La ville de la famille (pages 506-507)

Les interventions que je viens d’évoquer faisaient partie d’un plan plus vaste : faire de Lévis une ville idéale pour les familles. À la base, il fallait une fiscalité abordable et des emplois… beaucoup d’emplois. Comme je l’ai déjà mentionné, le taux de taxes de base est demeuré inchangé pendant tout mon mandat, tant dans l’ex-Lévis que dans la ville de Lévis fusionnée, un exploit pour une nouvelle ville où beaucoup de choses devaient être mises en place. De plus, au cours de la seule année 2004, 3 000 emplois ont été créés sur le territoire de la nouvelle ville et encore aujourd’hui, Lévis affiche l’un des taux de chômage les plus bas au Québec. De quoi attirer beaucoup de jeunes ménages.

Nous voulions faire plus. J’ai confié à Pierre Brochu, mon bras droit à la ville comme il l’avait été au ministère de l’Éducation, la responsabilité d’élaborer la première politique familiale et la première politique culturelle de la nouvelle ville. C’est lui qui a supervisé les États généraux de la famille, une vaste consultation qui a permis de donner un cadre cohérent à une foule d’initiatives pour les familles : une tarification spéciale pour les services de la ville, des équipements de loisirs d’avant-garde tels que deux terrains de football à surface synthétique, une première dans la région de Québec, des jeux pour les enfants dans les parcs de quartier et souvent dans la cour d’écoles que j’avais contribué à bâtir, et surtout, la construction de logements sociaux pour les familles proches des écoles et des services.

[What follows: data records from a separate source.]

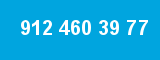 912 460 39 77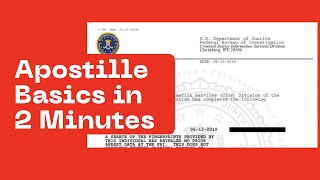 Apostille Basics in 2 Minutes Federal Apostilles and State Apostilles [upl. by Armilda]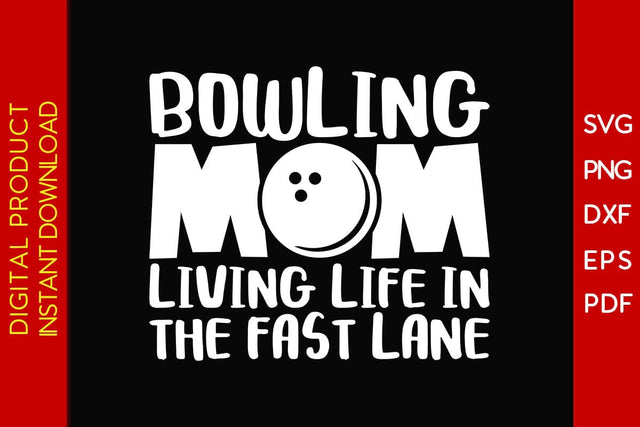 Bowling Mom Living Life In The Fast Lane SVG PNG PDF Cut File SVG Creativedesigntee 
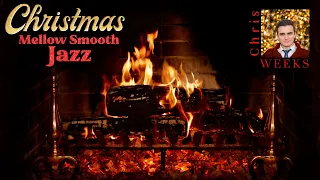 Christmas Fireplace & Mellow Smooth Jazz Christmas Music Ambience - Instrumental Christmas Jazz Fire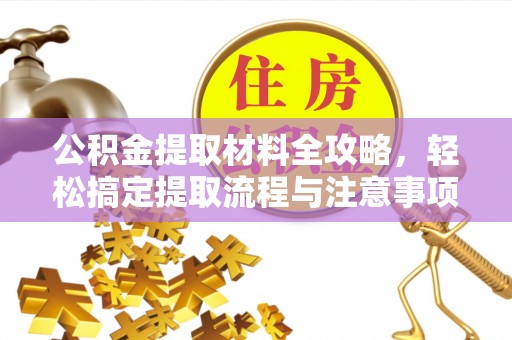 卢氏公积金提取材料全攻略，轻松搞定提取流程与注意事项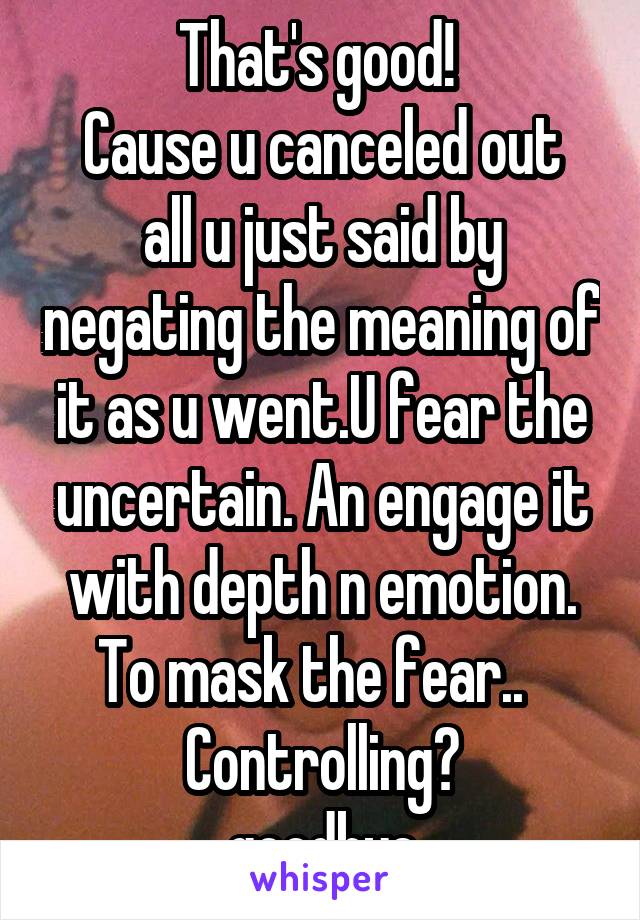 That's good! 
Cause u canceled out all u just said by negating the meaning of it as u went.U fear the uncertain. An engage it with depth n emotion. To mask the fear..   Controlling?
goodbye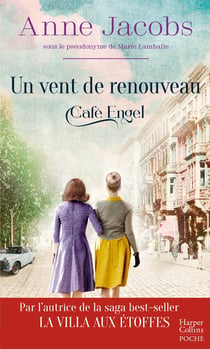 Un vent de renouveau - Café Engel : Le tome 3 de la saga familiale best-seller d'Anne Jacobs (autrice de La "Villa aux étoffes"')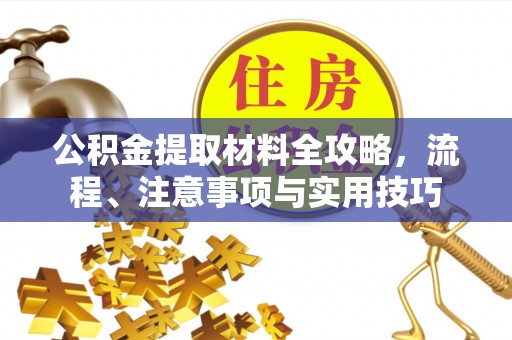奈曼旗公积金提取材料全攻略，流程、注意事项与实用技巧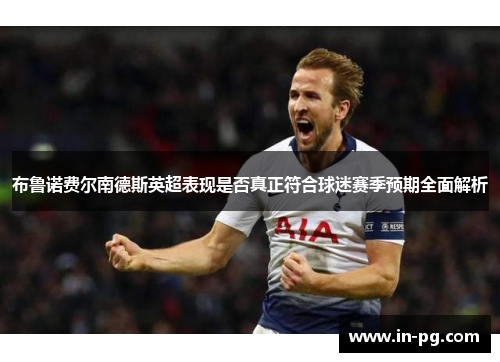 布鲁诺费尔南德斯英超表现是否真正符合球迷赛季预期全面解析 布鲁诺费尔南德斯英超表现是否真正符合球迷赛季预期全面解析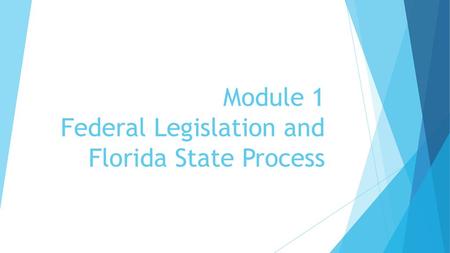 Module 1 Federal Legislation and Florida State Process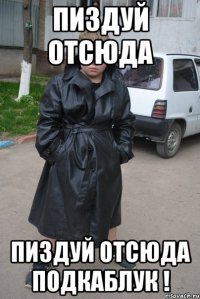 пиздуй отсюда пиздуй отсюда Подкаблук !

Avant la fusion, la construction de ces logements était dans une sorte d’impasse : plusieurs villes n’en avaient pas et n’en voulaient pas, et tous ceux qui avaient été construits étaient destinés aux personnes âgées, comme si les familles à faible revenu étaient indésirables. Avec l’Office municipal d’habitation, la ville a lancé un programme audacieux de 350 logements familiaux répartis sur tout le territoire dans d’anciens sites industriels restaurés et suivant un concept architectural à densité moyenne qui favorisait l’intégration des immeubles au voisinage. Ce projet a changé le visage de plusieurs coins de la ville pour le meilleur et cassé le modèle des « ghettos HLM » du passé.

Une politique culturelle généreuse et une politique verte qui a mené à un taux de recyclage des déchets domestiques parmi les plus élevés au Québec sont venus compléter le portrait d’une véritable ville de la famille où, je crois, il fait toujours bon de vivre.

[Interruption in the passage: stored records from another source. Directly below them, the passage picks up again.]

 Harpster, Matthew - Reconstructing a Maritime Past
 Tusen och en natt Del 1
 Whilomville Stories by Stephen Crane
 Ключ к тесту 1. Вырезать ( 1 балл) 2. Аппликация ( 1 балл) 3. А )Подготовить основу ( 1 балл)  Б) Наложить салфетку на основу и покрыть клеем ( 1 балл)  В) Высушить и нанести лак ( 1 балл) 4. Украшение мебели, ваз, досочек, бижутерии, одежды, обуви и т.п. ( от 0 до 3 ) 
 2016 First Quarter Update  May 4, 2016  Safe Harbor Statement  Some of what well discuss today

[1] Elle est passée d’environ 125 M$ en 2001-2002 à environ 100 M$ en 2005.

[2] En 2004, ce coût était de 1093$ à Lévis, contre 1723 $ à Québec.

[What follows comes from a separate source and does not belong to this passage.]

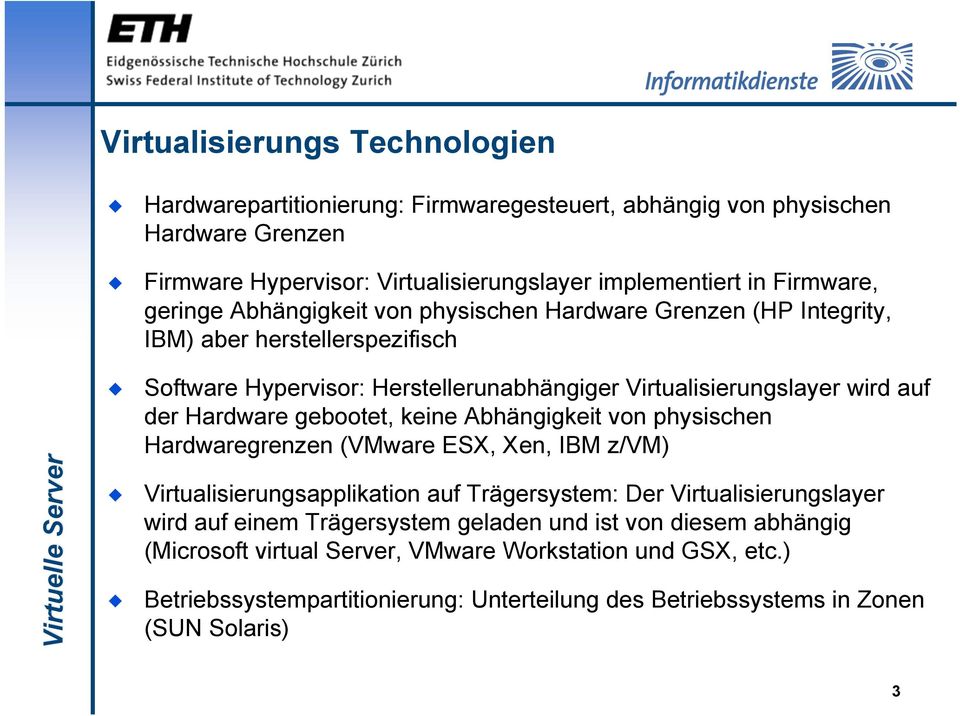 gebootet, keine Abhängigkeit von physischen Hardwaregrenzen (VMware ESX, Xen, IBM z/vm) Virtualisierungsapplikation auf Trägersystem: Der Virtualisierungslayer wird auf einem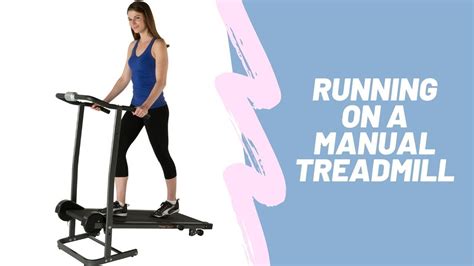 Manual Treadmill Workout How To Running On A Manual Treadmill To Lose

[3] Encore aujourd’hui, Lévis est la locomotive économique de Chaudière-Appalaches, qui est elle-même la région du Québec où le taux de chômage est le plus faible.

[4] La participation de la ville à ce projet de 30 millions de dollars a été de l’ordre de 4 millions, essentiellement pour des travaux d’infrastructures. Comme il fallait que la ville contribue au montage financier du centre tout en respectant la loi, nous avons convenu de fournir le terrain par bail emphytéotique. J’avais aussi pris l’engagement que l’effort financier de la ville serait compensé par les nouveaux revenus générés et n’aurait aucun impact sur le compte de taxes. Cet objectif a été largement dépassé car, aujourd’hui, le secteur du Centre des congrès est une formidable source de richesse pour l’ensemble de la vile.

[5] Soit 5,5 millions de pieds carrés de terrains exceptionnels au prix de 0,04 $ le pied carré, plus un reçu de don écologique.